DIRECTIONS:
Each record below needs to be copied out exactly as it stands.

───── RECORDS SUPPLIED ─────

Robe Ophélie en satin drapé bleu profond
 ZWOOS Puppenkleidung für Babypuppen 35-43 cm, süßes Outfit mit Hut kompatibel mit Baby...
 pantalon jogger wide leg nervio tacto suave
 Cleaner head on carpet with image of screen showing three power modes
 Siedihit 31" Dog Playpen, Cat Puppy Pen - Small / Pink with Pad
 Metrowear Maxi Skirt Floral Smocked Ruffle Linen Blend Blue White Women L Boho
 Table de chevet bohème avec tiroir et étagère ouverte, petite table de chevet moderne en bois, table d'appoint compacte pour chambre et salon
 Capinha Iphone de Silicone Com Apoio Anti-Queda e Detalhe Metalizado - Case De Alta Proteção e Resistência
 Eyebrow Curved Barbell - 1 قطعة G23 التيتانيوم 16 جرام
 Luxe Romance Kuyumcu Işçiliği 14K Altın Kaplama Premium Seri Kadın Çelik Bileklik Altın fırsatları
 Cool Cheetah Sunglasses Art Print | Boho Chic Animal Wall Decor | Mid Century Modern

─────

OUTPUT OF THE TASK:
Robe Ophélie en satin drapé bleu profond
 ZWOOS Puppenkleidung für Babypuppen 35-43 cm, süßes Outfit mit Hut kompatibel mit Baby...
 pantalon jogger wide leg nervio tacto suave
 Cleaner head on carpet with image of screen showing three power modes
 Siedihit 31" Dog Playpen, Cat Puppy Pen - Small / Pink with Pad
 Metrowear Maxi Skirt Floral Smocked Ruffle Linen Blend Blue White Women L Boho
 Table de chevet bohème avec tiroir et étagère ouverte, petite table de chevet moderne en bois, table d'appoint compacte pour chambre et salon
 Capinha Iphone de Silicone Com Apoio Anti-Queda e Detalhe Metalizado - Case De Alta Proteção e Resistência
 Eyebrow Curved Barbell - 1 قطعة G23 التيتانيوم 16 جرام
 Luxe Romance Kuyumcu Işçiliği 14K Altın Kaplama Premium Seri Kadın Çelik Bileklik Altın fırsatları
 Cool Cheetah Sunglasses Art Print | Boho Chic Animal Wall Decor | Mid Century Modern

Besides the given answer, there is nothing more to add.